== Data extract ==
---+---

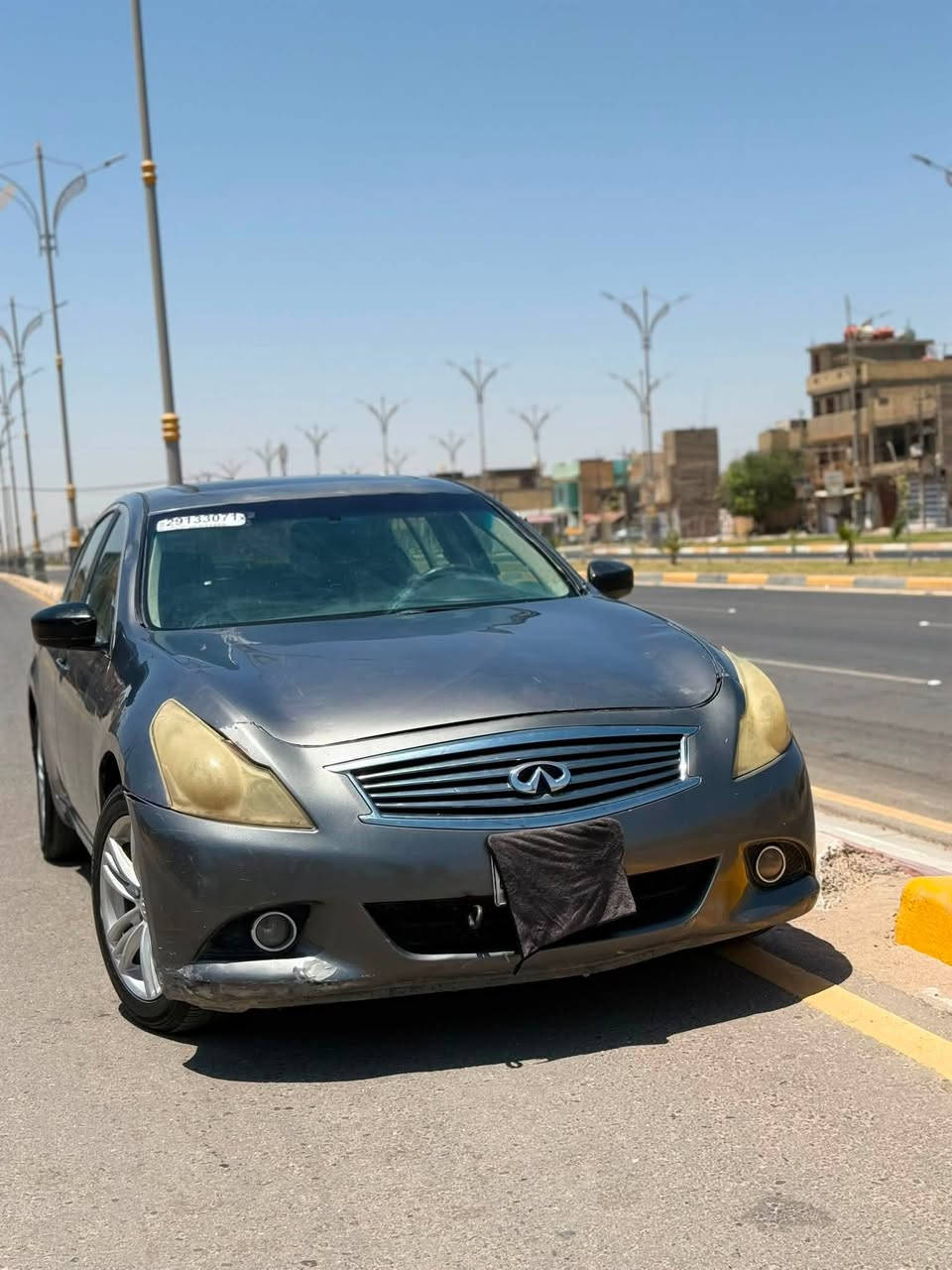سلام عليكم  انفنتي البيع  رقم ذي قار مشروع وطني. محوره فيفتي بيه بكن  سياره شغاله   📌بسعر مناسب البيع مستعجل  ***********  انتصل او واتساب
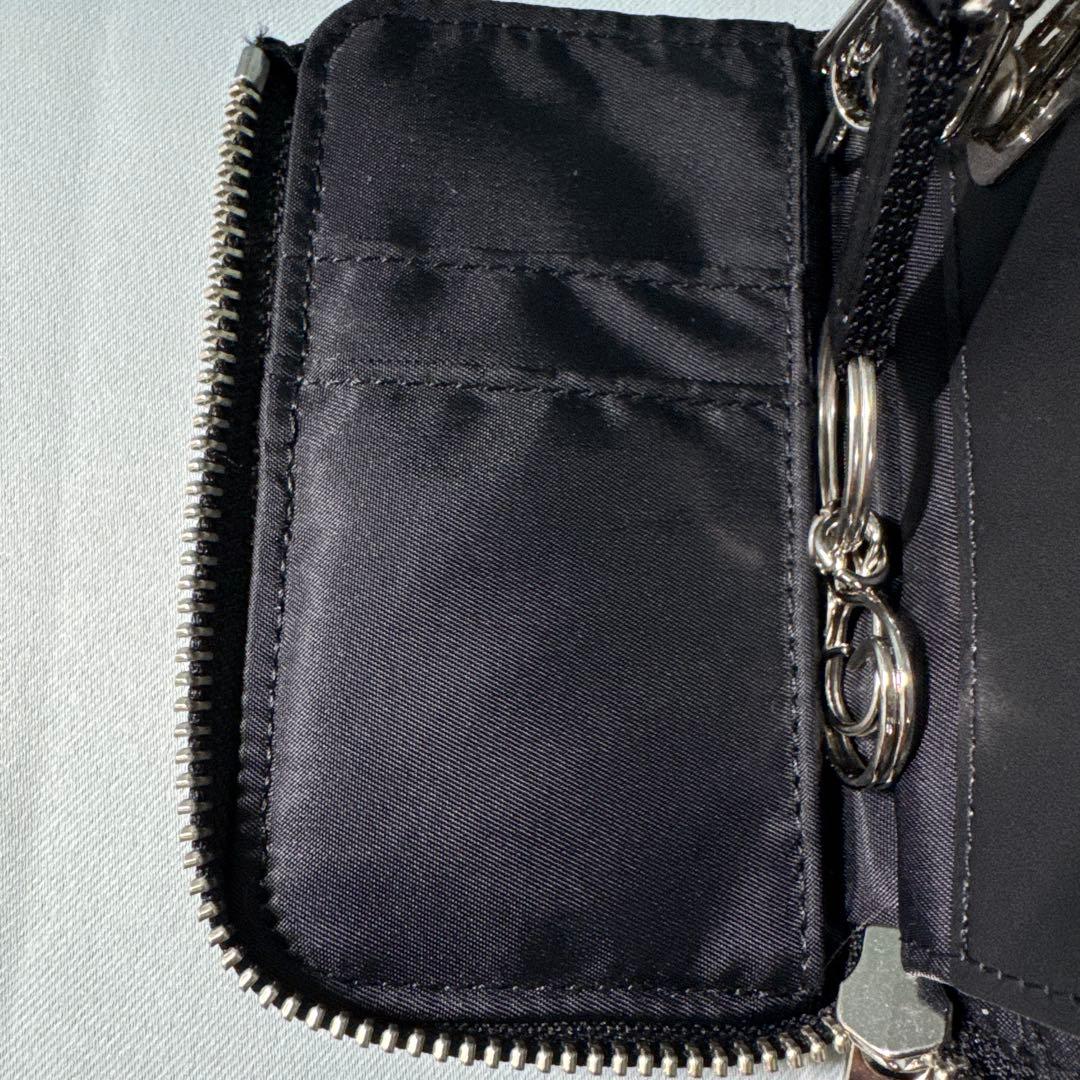 PORTER 吉田カバン LIFT キーケース　ブラック　キーアクセサリー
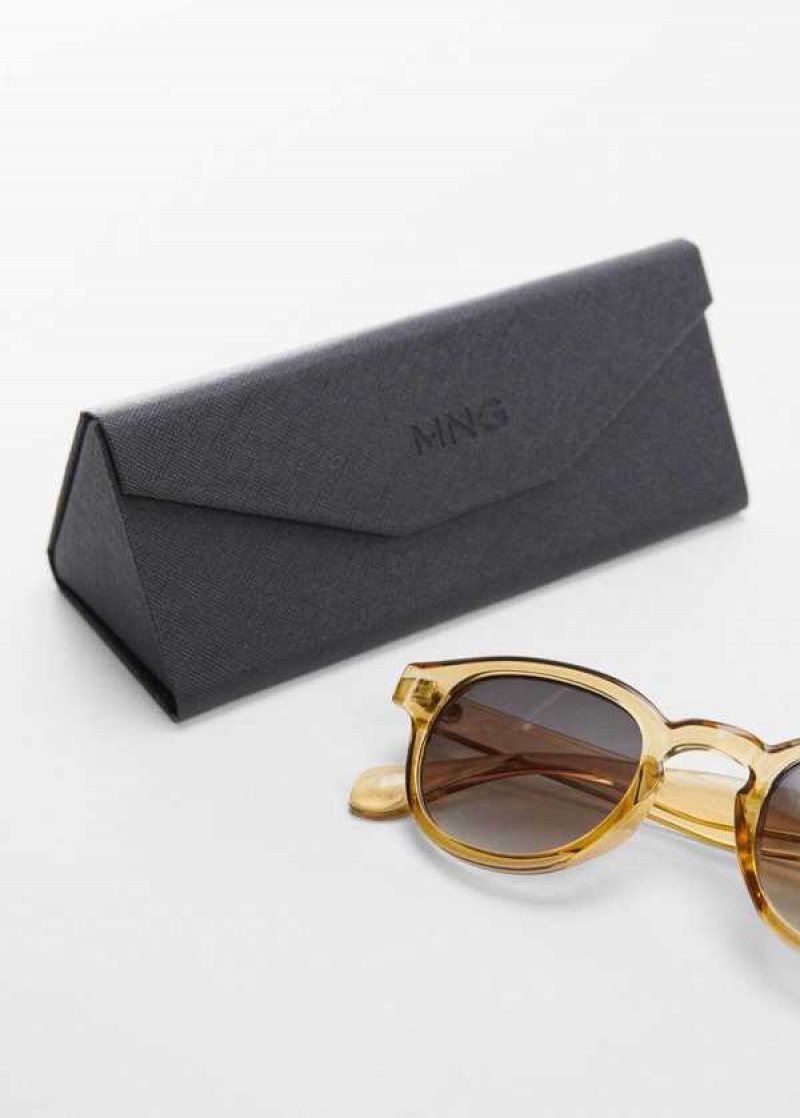 Mango Rounded Sunglasses | MNG-21115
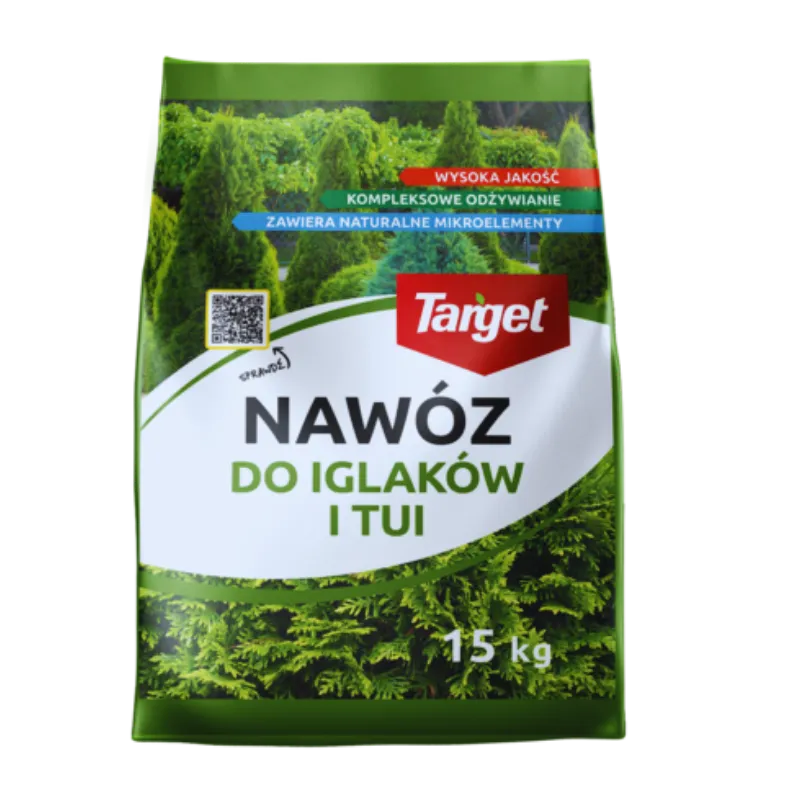 Nawóz Granulowany Do Iglaków I Tui 15kg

---+---

== Goal of the exercise ==
Set down nothing but the lines from the one containing "PORTER 吉田カバン LIFT キーケース　ブラック　キーアクセサリー" to the final line above, both included, with every picture left out.

== Solved exercise ==
 PORTER 吉田カバン LIFT キーケース　ブラック　キーアクセサリー
 Mango Rounded Sunglasses | MNG-21115
 Nawóz Granulowany Do Iglaków I Tui 15kg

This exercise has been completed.